Of all the inner struggles I face regarding parenting, my selfishness is probably the most constant. I don’t always want to share my cereal, or my chair. I would like to buy a pack of gum that is only mine, or keep the change in my purse for myself. I don’t always want to stop reading my book or put down my coffee to “come and see.” And I don’t always enjoy sharing my bed, my blanket, my lip gloss, my jewelry, or my time in the bathroom with my small children.
I know that this struggle begins early, though. I know because I can see my kids already fighting this battle. I have already had to utter that little word probably hundreds, if not thousands, of times in my brief career as a parent. Share. And I get so frustrated with them for not wanting to. But, here I am, battling the same thing. Mentally crossing my arms and jutting out my chin.

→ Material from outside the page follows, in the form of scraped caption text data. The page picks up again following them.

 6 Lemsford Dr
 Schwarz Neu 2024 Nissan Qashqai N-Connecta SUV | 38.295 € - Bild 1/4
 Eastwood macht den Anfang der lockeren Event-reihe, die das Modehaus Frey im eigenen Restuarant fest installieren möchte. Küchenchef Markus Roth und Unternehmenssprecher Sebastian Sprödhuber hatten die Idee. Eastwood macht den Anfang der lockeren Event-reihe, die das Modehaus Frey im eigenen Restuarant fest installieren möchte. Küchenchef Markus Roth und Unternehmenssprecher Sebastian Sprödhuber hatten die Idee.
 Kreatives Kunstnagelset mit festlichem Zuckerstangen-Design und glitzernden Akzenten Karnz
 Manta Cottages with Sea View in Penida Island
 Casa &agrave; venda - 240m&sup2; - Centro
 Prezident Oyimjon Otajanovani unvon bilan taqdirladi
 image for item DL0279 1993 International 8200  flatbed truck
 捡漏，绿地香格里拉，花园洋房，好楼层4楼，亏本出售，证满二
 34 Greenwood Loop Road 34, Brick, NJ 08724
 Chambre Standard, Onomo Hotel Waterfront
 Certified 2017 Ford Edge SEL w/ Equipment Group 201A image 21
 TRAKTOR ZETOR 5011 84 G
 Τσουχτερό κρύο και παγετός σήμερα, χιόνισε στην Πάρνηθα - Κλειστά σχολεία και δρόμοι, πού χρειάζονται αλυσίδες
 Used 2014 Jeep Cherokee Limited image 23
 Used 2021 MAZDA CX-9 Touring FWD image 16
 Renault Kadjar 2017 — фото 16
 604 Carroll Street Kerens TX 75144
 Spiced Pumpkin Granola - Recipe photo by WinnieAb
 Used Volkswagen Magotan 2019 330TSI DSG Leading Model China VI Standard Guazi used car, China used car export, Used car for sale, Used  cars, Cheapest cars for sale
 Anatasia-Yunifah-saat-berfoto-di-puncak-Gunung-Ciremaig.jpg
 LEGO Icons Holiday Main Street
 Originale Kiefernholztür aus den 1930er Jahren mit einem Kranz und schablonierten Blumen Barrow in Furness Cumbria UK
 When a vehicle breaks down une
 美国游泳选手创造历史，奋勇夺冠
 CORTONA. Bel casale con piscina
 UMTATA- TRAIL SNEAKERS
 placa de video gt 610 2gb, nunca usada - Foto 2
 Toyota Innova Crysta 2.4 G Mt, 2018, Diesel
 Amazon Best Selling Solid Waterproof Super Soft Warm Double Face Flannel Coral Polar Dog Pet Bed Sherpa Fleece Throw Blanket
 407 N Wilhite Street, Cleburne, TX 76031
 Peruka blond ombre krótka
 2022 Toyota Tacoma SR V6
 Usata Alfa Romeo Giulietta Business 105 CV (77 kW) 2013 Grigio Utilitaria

I’m not crazy. I know that I can’t just chuck the whole idea. I wouldn't want to, anyway. Can you imagine the chaos at play dates alone?!? And I know that sharing isn’t just about parting with something so someone else can be happy. Really, it’s about love. It’s about loving people more than things, and more than ourselves. And so, when I ask my kids to share, I am fundamentally asking them to put their desires aside and to love someone else sacrificially. Hmmm….sounds a lot like the job of a parent. Busted.
Lord, help me to love more like you.